Secured parties with a purchase-money security interest (PMSI) in collateral other than inventory now have a longer period to perfect under the Ontario Personal Property Security Act (PPSA).

Former Bill 68 (An Act to promote Ontario as open for business by amending or repealing certain Acts) received Royal Assent on October 25th, 2010. Included in Schedule 5 to the Act are amendments to the PPSA. Among those amendments is an extension of the period within which a secured party with a PMSI in collateral, other than inventory or its proceeds, must perfect its security interest in order to preserve the priority that the PPSA provides for the PMSI. The extension of the period is from 10 to 15 days.

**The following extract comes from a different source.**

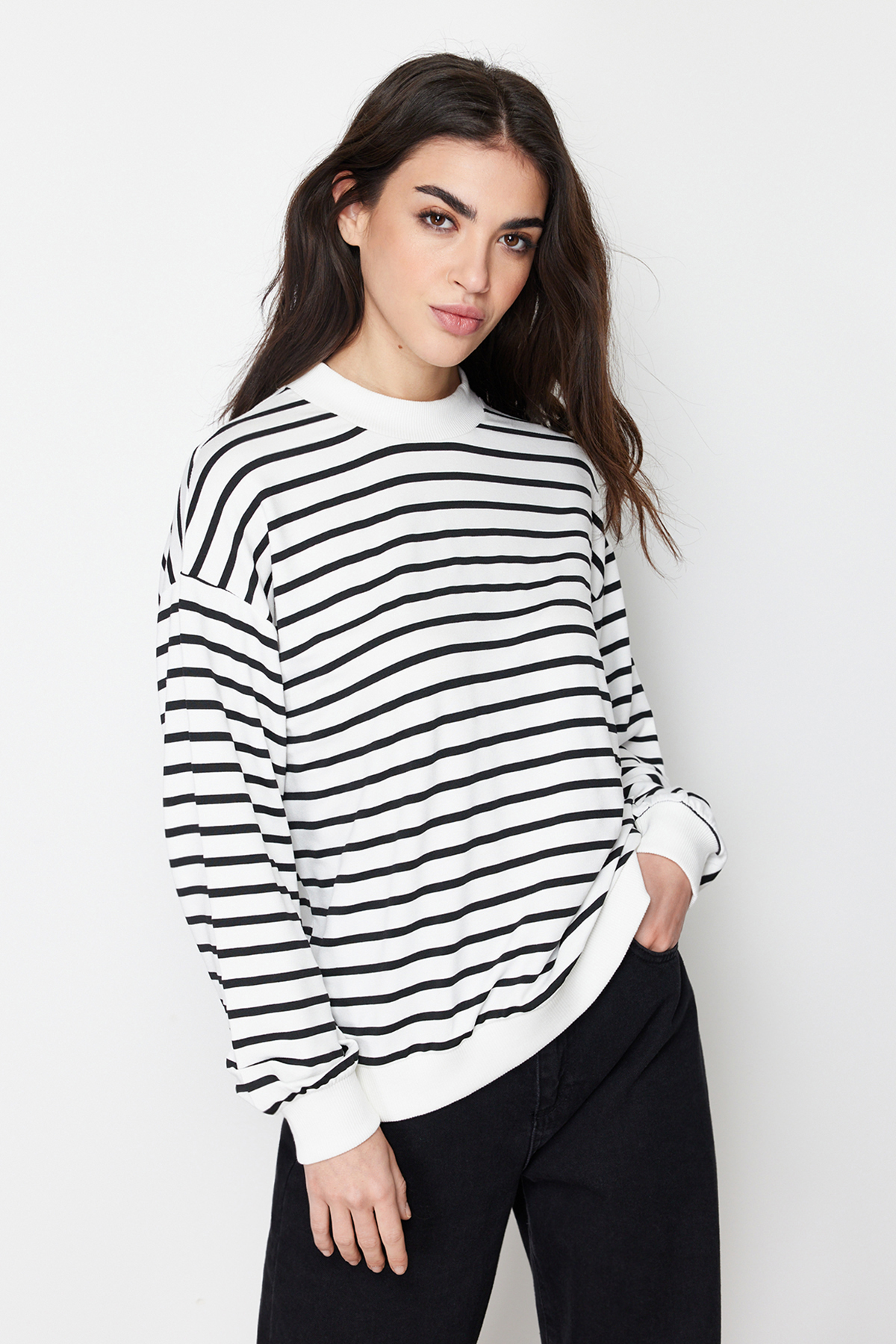 Levně Trendyol Ecru Striped Knitted Sweatshirt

The relevant amendments to the PPSA are as follows:

  • Where the collateral subject to the PMSI is an intangible, sections 20(3) and 33(2) now provide that the PMSI must be perfected before or within 15 days after the attachment of the security interest in the intangible.
  • Where the collateral is not an intangible, those sections now provide that perfection must occur before or within 15 days after (i) the debtor obtains possession of the collateral, or (ii) a third party, at the request of the debtor, obtains possession of the collateral, whichever is earlier.
  • Where the collateral is an accession, section 35(3) now provides that the PMSI be perfected before or within 15 days after the debtor obtains possession of the accession.